Simplify. Express your answer as a single fraction in simplest form \( 5-\frac{c}{c^{2}-34 c-32} \)

To simplify the expression \( 5 - \frac{c}{c^{2}-34 c-32} \), we first need a common denominator. We start by factoring the denominator \( c^2 - 34c - 32 \). To factor \( c^2 - 34c - 32 \), we look for two numbers that multiply to \(-32\) and add to \(-34\). These numbers are \(-36\) and \(2\).
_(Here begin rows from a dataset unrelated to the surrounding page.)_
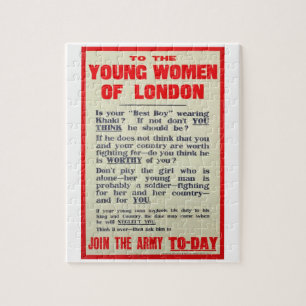 To the Young Women of London, recruitment poster, Jigsaw Puzzle
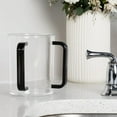 thumbnail image 2 of EcoQuality Acrylic Judaica Cup - Netilat Yadayim Hand Washing Cup - Negel Vasser Dual Handle Wash Cup for Jewish Ritual - Reusable Cup with Handles (1, Clear/Black), 2 of 2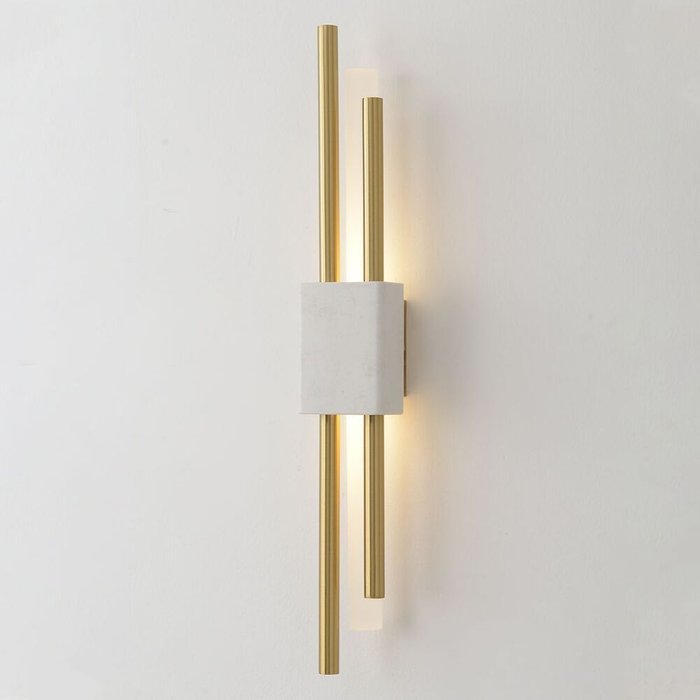 Настенный светильник CARTA AP6W LED WHITE/BRASS (стекло, цвет белый) - лучшие Бра и настенные светильники в INMYROOM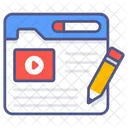 Blogging Blog Content Icon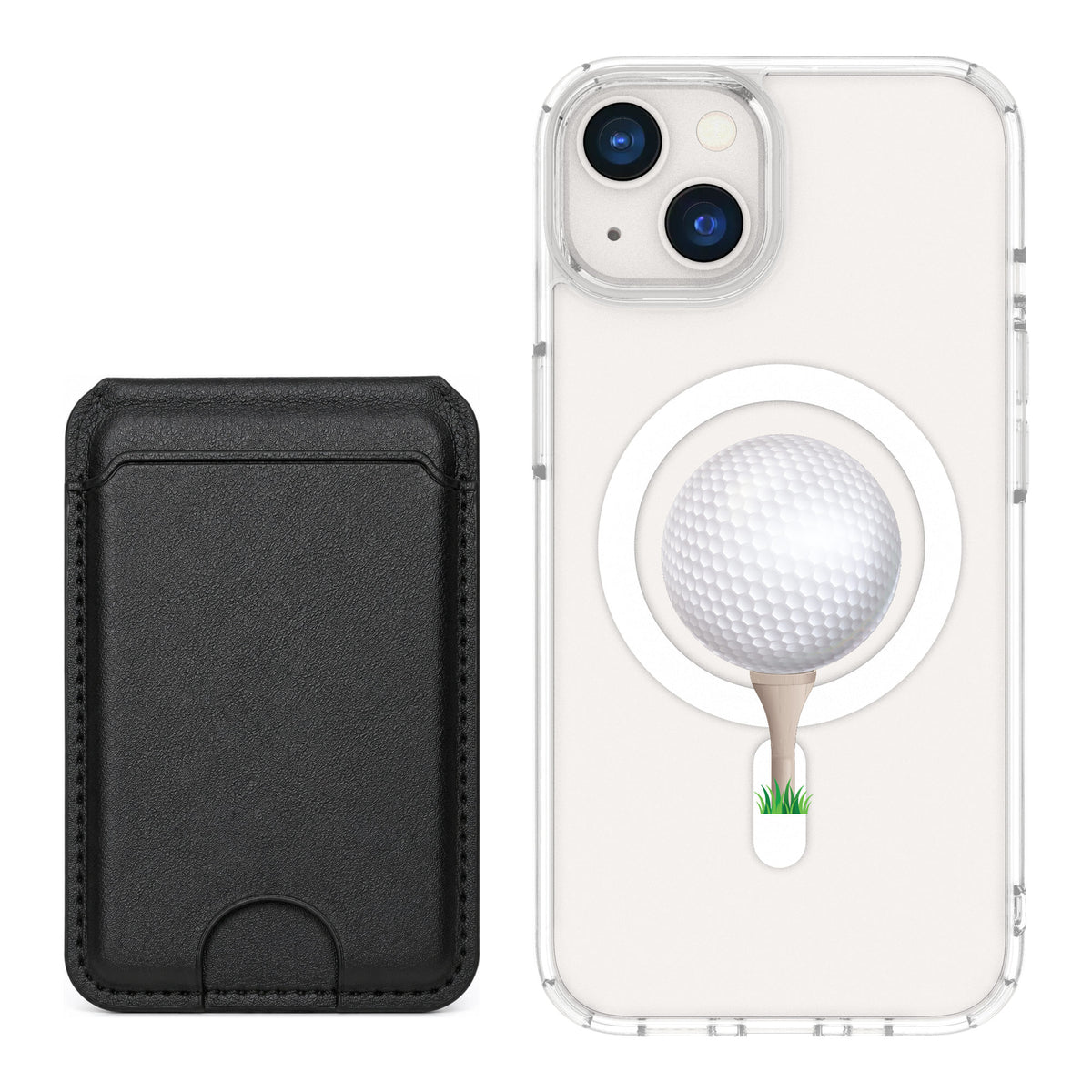 Scooch MagCase Tee Time for iPhone 13 — Black MagWallet Bundle
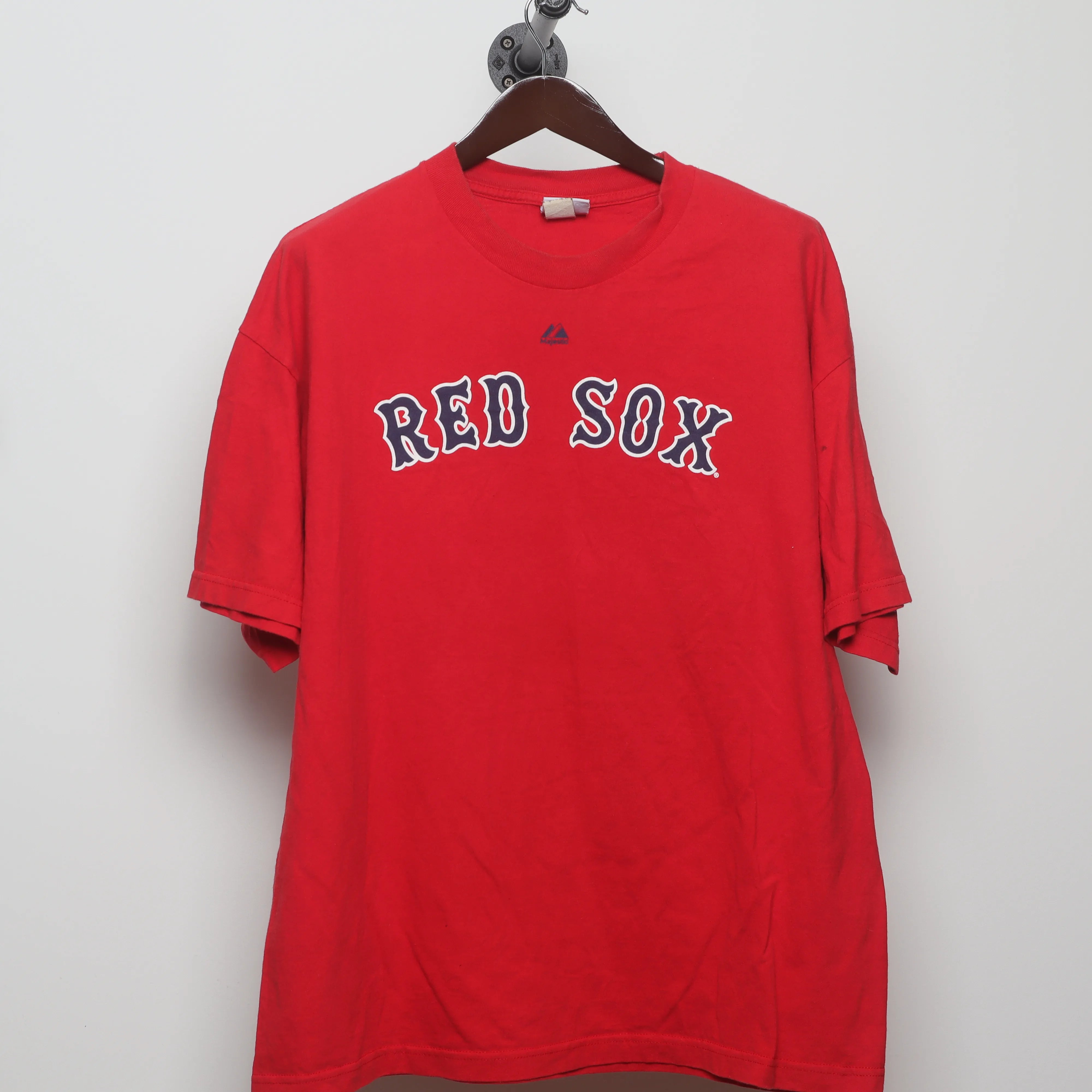 Front view of Vintage 2010s Red Sox Gonzalez MLB T-Shirt XL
Therefore, we can write: \[ c^2 - 34c - 32 = (c - 36)(c + 2) \] Now, we rewrite \( 5 \) with the common denominator: \[ 5 = \frac{5(c - 36)(c + 2)}{(c - 36)(c + 2)} \] Now, substituting this back into the original expression: \[ 5 - \frac{c}{(c - 36)(c + 2)} = \frac{5(c - 36)(c + 2) - c}{(c - 36)(c + 2)} \] Next, we simplify the numerator: \[ 5(c - 36)(c + 2) - c = 5(c^2 + 2c - 36c - 72) - c = 5(c^2 - 34c - 72) - c \] Now, distributing \( 5 \): \[ 5c^2 - 170c - 360 - c = 5c^2 - 171c - 360 \] So the expression becomes: \[ \frac{5c^2 - 171c - 360}{(c - 36)(c + 2)} \] Now, we can’t simplify \( 5c^2 - 171c - 360 \) further without factorization, but we can check if it has integer factors using the quadratic formula or factor methods if needed. Thus, the final simplified expression is: \[ \frac{5c^2 - 171c - 360}{(c - 36)(c + 2)} \] This is expressed as a single fraction in simplest form, assuming further factorization of the quadratic doesn't yield simpler terms.